Implementing a job queue using a table in MySQL might be not the best possible way, see Five subtle ways you're using MySQL as a queue, and why it'll bite you.
At the beginning of this year I had a problem: from a Perl
program I had to select the oldest row in a MySQL database
table to obtain some data and set the time of the row to the
current time to prevent other processes to use the same row
data immediately. In short: I wanted to update a row in a
transaction and being able to read some data from it at the
same time. The first solution that came to mind was using an
UPDATE
which would also set user-defined
variables and then after the commit I could use
SELECT
to fetch the values assigned to those
user-defined connection specific variables. While this is
possible, see below, back then I couldn't find out the
correct syntax to do this in the MySQL Reference Manual.

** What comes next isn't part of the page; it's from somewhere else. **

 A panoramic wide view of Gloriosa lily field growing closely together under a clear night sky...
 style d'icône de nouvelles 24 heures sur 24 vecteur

But while reading the Reference Manual I learned about
SELECT ... FOR UPDATE
and thought that I had found the solution:
START TRANSACTION
SELECT ... FROM table ORDER BY last_used ASC LIMIT 1 FOR UPDATE
UPDATE table SET last_used = UNIX_TIMESTAMP() WHERE ...
COMMIT
While this does work for a small number of parallel processes increasing the number of processes might soon run into one process holding a lock too long, causing the following error:
Lock wait timeout exceeded; try restarting transaction.
When I ran into this issue I did some more research and came
upon the aforementioned article Five
subtle ways you're using MySQL as a queue, and why it'll
bite you by Baron Schwartz. It mentioned, amongst other,
the above issue with SELECT ... FOR UPDATE
and
advices to use UPDATE
with a LIMIT
instead if you really want to use MySQL to implement a job
queue, and to make sure that autocommit is enabled. The
latter greatly reduces the time the lock is being held by a
process.
The article itself didn't make clear to me how to both
update the row and have access to some of the data. After
a bit more reading on the Internet I learned that what I
first thought would be possible, is indeed possible:
setting a variable to the value of a column in the SET
part of the UPDATE:
UPDATE some_table SET col1 = @col1 := col1, col2 = @col2 := col2 ...

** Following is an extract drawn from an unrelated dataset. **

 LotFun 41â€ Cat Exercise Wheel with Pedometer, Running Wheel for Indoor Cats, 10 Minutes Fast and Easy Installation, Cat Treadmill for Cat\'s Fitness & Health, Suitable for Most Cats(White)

This assigns the value of col1
to the
user-defined variable @col1
. The result of this
expression, the value of col1
is then assigned
back to col1
, essentially a no-op in this
case. The values assigned to the user-defined connection
specific variables can be obtained using SELECT
after the auto-commited transaction.
An outline of the Perl code I use to achieve this follows below:
my $dbh = DBI->connect(...);
$dbh->{ AutoCommit } = 1; # enable, only needed if connect disabled this.
my $affected = $dbh->do(
'UPDATE table SET col1 = @col1 := col1, col2 = @col2 := col2,'
. ' last_used = UNIX_TIMESTAMP() ORDER BY last_used ASC LIMIT 1'
);
$affected == 1 or die 'UPDATE queue failed: no rows were affected';
my $row = $dbh->selectrow_hashref(
'SELECT @col1 AS foo, @col2 AS bar' );
$dbh->disconnect();
print "$row->{ foo }, $row->{ bar }\n";
Note: if you use the queue in a circulair fashion, like I do, and use seconds after the epoch to keep track of usage be aware that if you rotate too fast that you might end up picking some rows with a much higher frequency. The solution is to use a more fine grained time like milliseconds since the epoch to achieve a more fair distribution.